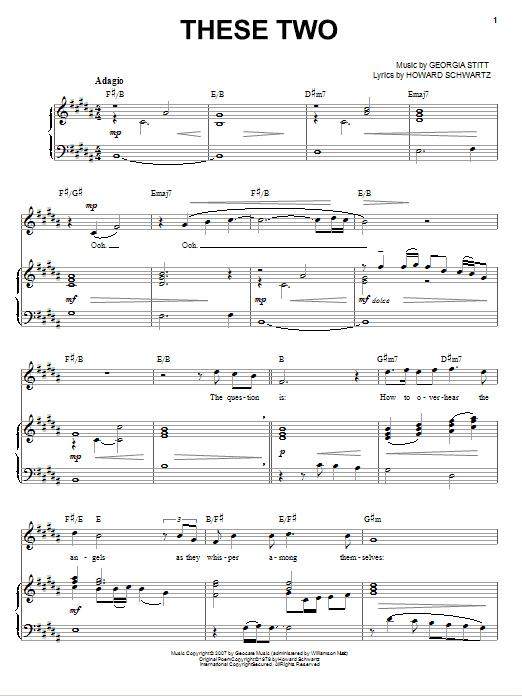 Georgia Stitt These Two sheet music notes and chords arranged for Piano & Vocal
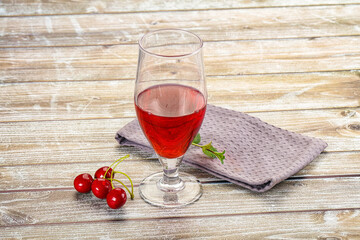 Sweet cherry juice in the glass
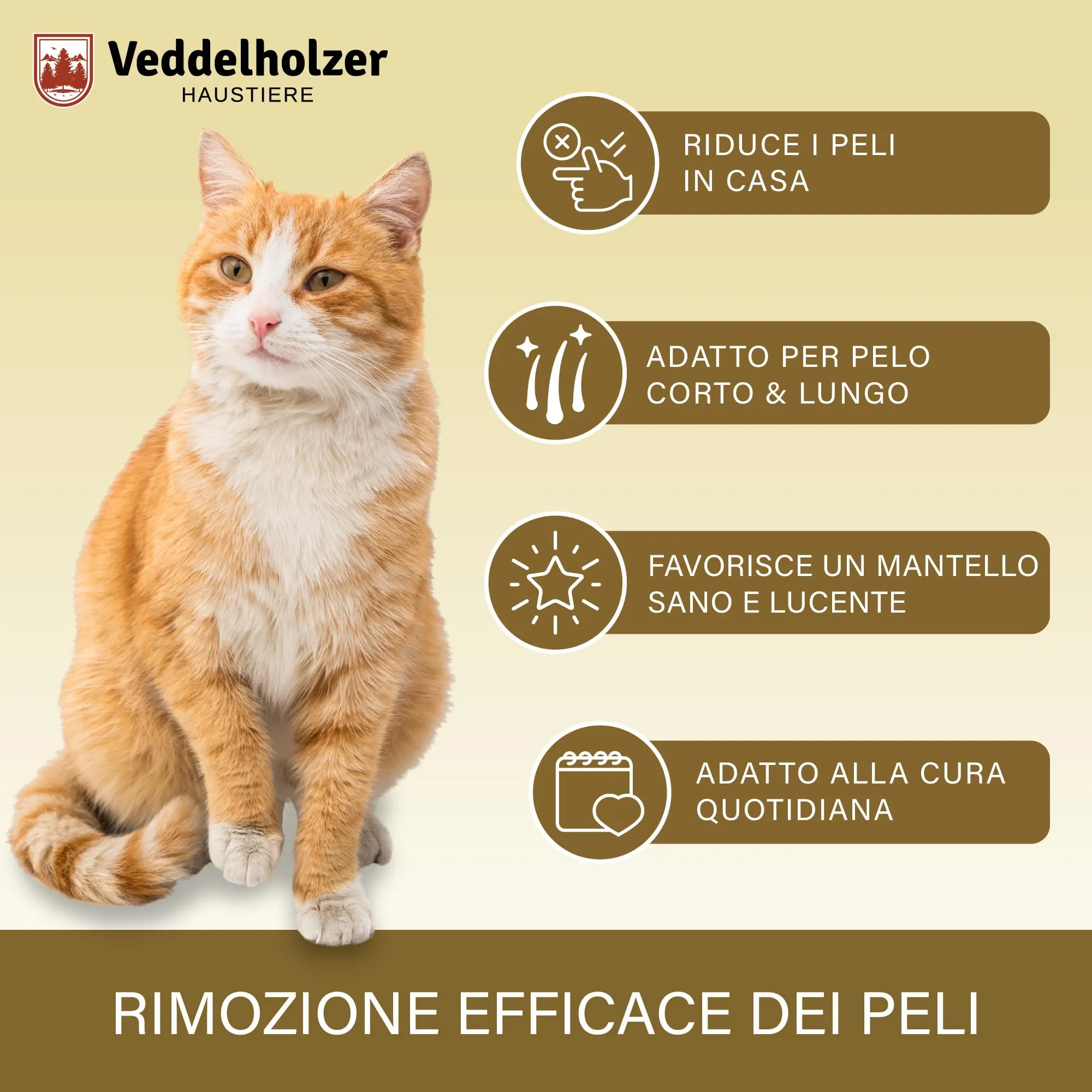 Spazzola premium Veddelholzer per cani & gatti con rimozione del pelo One-Click – spazzola efficace per il sottopelo di cani e gatti, cura delicata del mantello & districatura - immagine 5
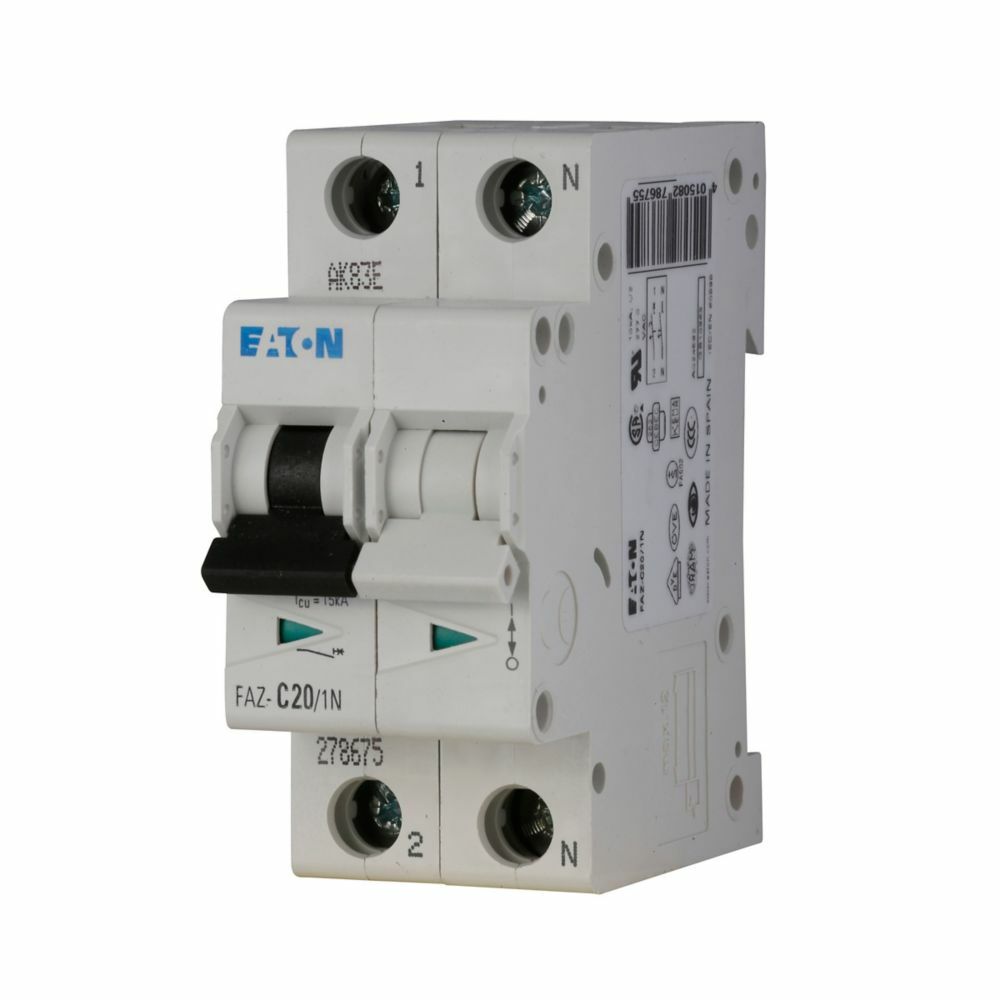FAZ-D10/1N Supplementary Protector, 277 VAC, 48 VDC, 10 A, 7.5/15 kA Interrupt, 1+N Poles, Thermal Magnetic Trip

■ **EXERCISE BRIEF**
The data above needs to be retyped exactly, with the images left out.

■ **COMPLETED EXERCISE**
 Georgia Stitt These Two sheet music notes and chords arranged for Piano & Vocal
 Sweet cherry juice in the glass
 Spazzola premium Veddelholzer per cani & gatti con rimozione del pelo One-Click – spazzola efficace per il sottopelo di cani e gatti, cura delicata del mantello & districatura - immagine 5
FAZ-D10/1N Supplementary Protector, 277 VAC, 48 VDC, 10 A, 7.5/15 kA Interrupt, 1+N Poles, Thermal Magnetic Trip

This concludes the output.